Henry John Wallack was a British actor, stage manager, and brother of actor James William Wallack.
Background
Henry John Wallack was born in London, England, and was the eldest child of William H. and Elizabeth (Field) Granger Wallack. His father was of Jewish ancestry. The family were all theatrical; Mrs. Wallack had for a time been David Garrick's leading woman, and the best traditions of the eighteenth-century English stage were bred into her descendants. Her four children by Wallack - Henry John, James Willliam, Mary, and Elizabeth - all became actors, and all save Elizabeth spent sometime in the United States.
Education
He had an uneventful early training.
Career
Henry Wallack had by his twenty-eighth year become so noted an actor in England that he was engaged for a long American contract, and made his début in Baltimore in 1819. After long stays in Baltimore, Philadelphia, and Washington, Wallack first played in New York in May 1821 at the Anthony Street Theatre. Notices of this first engagement show that he appeared in such rôles as those of Brutus, Octavian, Rob Roy, Coriolanus, Captain Bertram in Fraternal Discord, and Gambia in the opera The Slave. The New York Mirror (June 5, 1824) said of him, "Few men possess so noble a person or a more intelligent and beautiful countenance; the expression of his eye is quick and full of meaning--his movements are easy and correct - his voice mellow and musical. " After the birth of her daughter Fanny in 1822, Mrs. Wallack became a dramatic actress and was attached to the Park Theatre for ten years. She was the mother of Wallack's three children - James William, Julia (Mrs. Hoskins), and Fanny (Mrs. Charles Moorhouse), all well-known actors. After an extended tour of the country, Wallack became leading man of the Chatham Garden Theatre in 1824. He returned to England in 1828-32 and 1834-36, acting in the latter period as stage manager and leading actor at Covent Garden. When his brother James opened the National Theatre in New York in September 1837, Henry was his stage manager, and acted important rôles.
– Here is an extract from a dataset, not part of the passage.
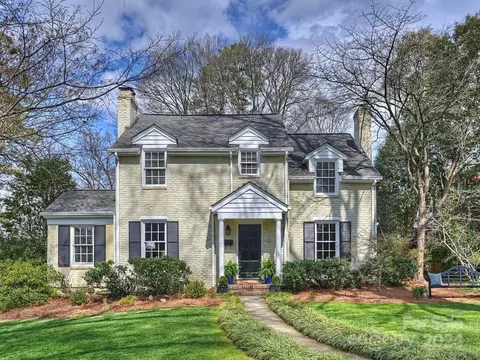 342 Hillside Ave, Charlotte, NC 28209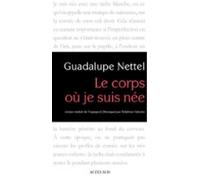 Le Corps Où Je Suis Née (ebook)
In the autumn of 1839 he appeared opposite Edwin Forrest in several parts, such as Iago to Forrest's Othello. On November 25 of that year he and his second wife began a long engagement at the New Chatham Theatre. On December 23 Wallack's two daughters made their débuts there with their father in The Hunchback. Fanny was an actress of unusual talent; Julia spent most of her time thereafter in opera. In the summer of 1840 Wallack returned to England, where in 1843 he rented Covent Garden for a short and disastrous season. He appeared again in America, as Sir Peter Teazle in The School for Scandal, in September 1847 when the Wallacks opened the Broadway Theatre, and throughout that season his daughter Fanny was leading lady there. Wallack spent most of his latter years in the United States, dying in New York at the age of eighty. One of his last appearances was as Falstaff in 1858.
Achievements
He played a tremendous and varied repertoire during his lifetime, his parts ranging from the chief Shakespearean heroes to Rolla in Pizarro, Fagin in Oliver Twist, and Anthony Absolute in The Rivals.
Connections
He was married two times: first, to Fanny Jones, an actress. His wife obtained a divorce about 1833, and about a year later Wallack married Miss Turpin, a singer. He had two daughters, Julia Wallack, a vocalist, and Fanny Wallack, an actress.